──────── DATASET ────────
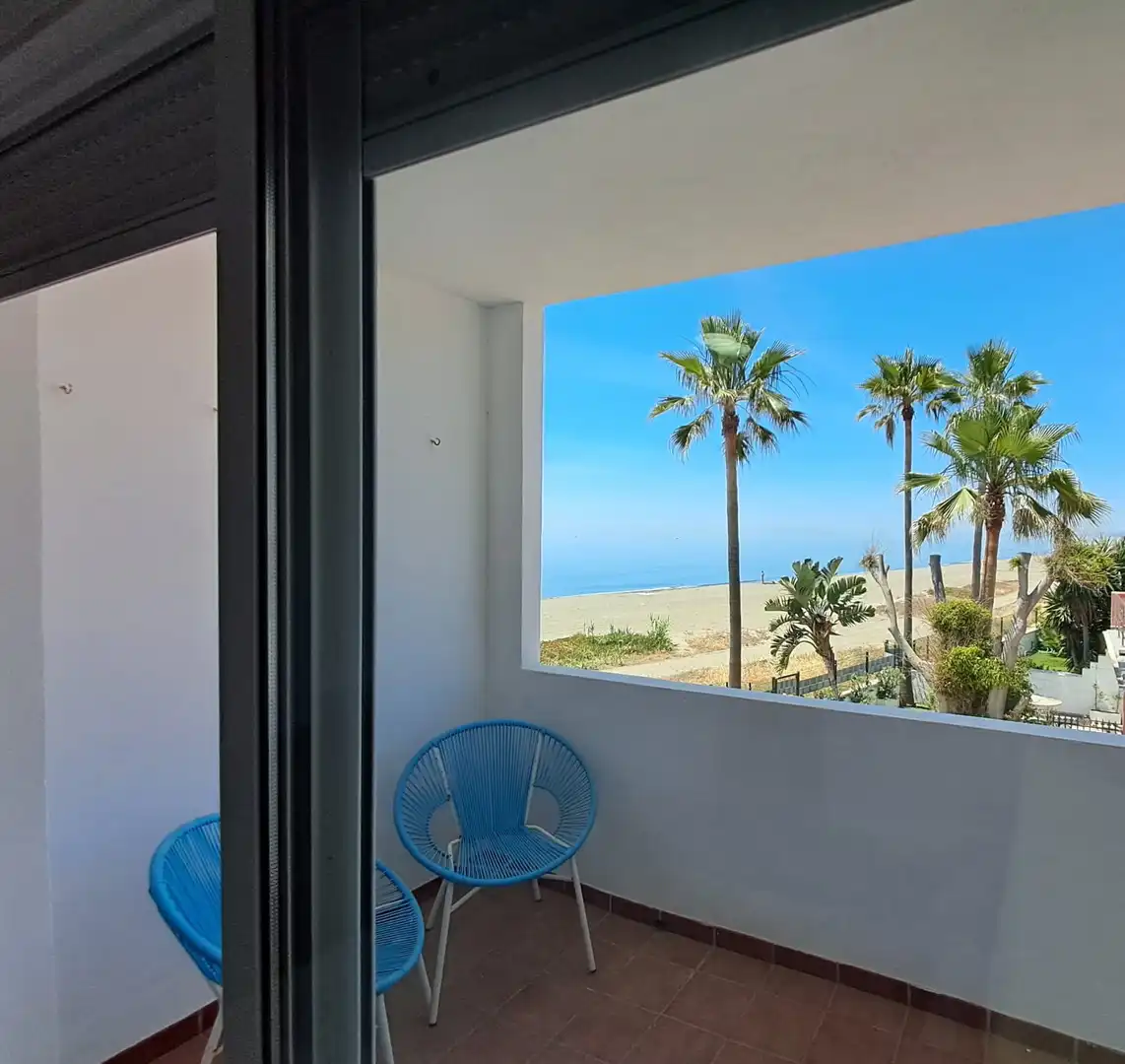 Terrassa de Casa adosada en venda en Estepona amb Aire condicionat, Terrassa i Traster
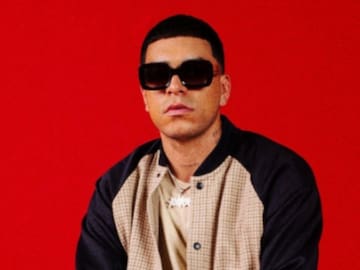 Ver también: Blessd y Ryan Castro botaron dólares durante su presentación en un famoso bar en Estados Unidos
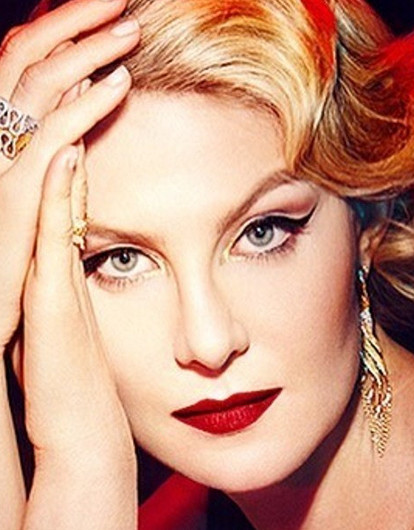 Рената Литвинова показала стройную фигуру в купальнике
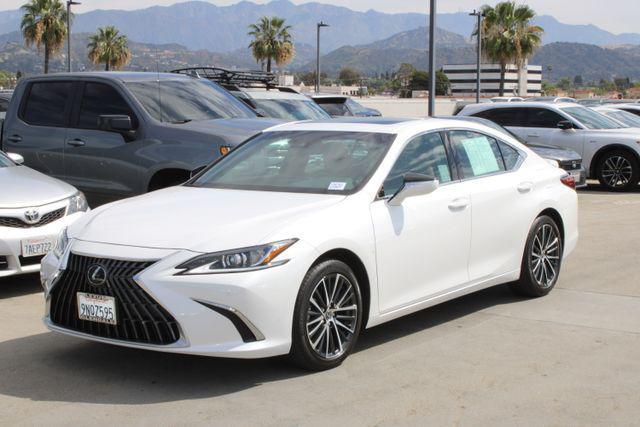 used 2024 Lexus ES 300h car, priced at $41,988
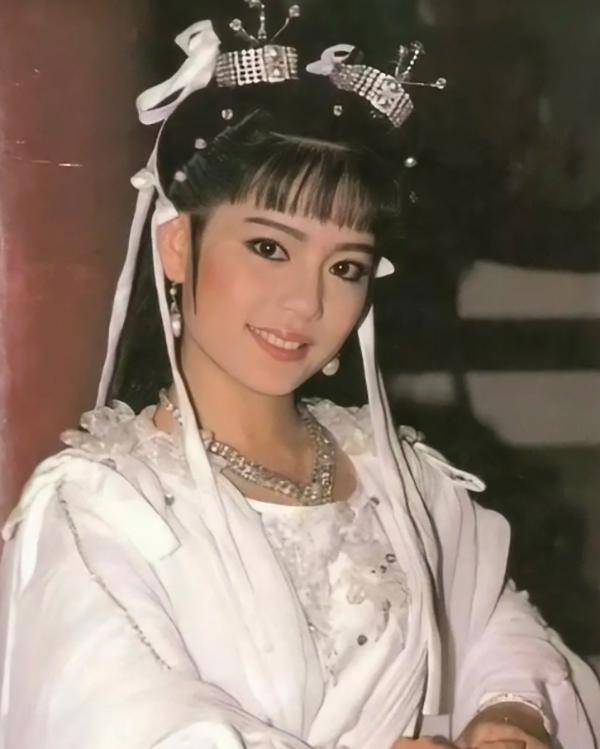 狄莺亲手送走两个弟弟后母亲又病逝,她悲痛欲绝哀嚎:我不想活了_手机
────────
__EXERCISE DESCRIPTION__.
Return the preceding entries exactly, each word as given, but leave out any picture.

__TASK SOLUTION__.
 Terrassa de Casa adosada en venda en Estepona amb Aire condicionat, Terrassa i Traster
 Ver también: Blessd y Ryan Castro botaron dólares durante su presentación en un famoso bar en Estados Unidos
 Рената Литвинова показала стройную фигуру в купальнике
 used 2024 Lexus ES 300h car, priced at $41,988
 狄莺亲手送走两个弟弟后母亲又病逝,她悲痛欲绝哀嚎:我不想活了_手机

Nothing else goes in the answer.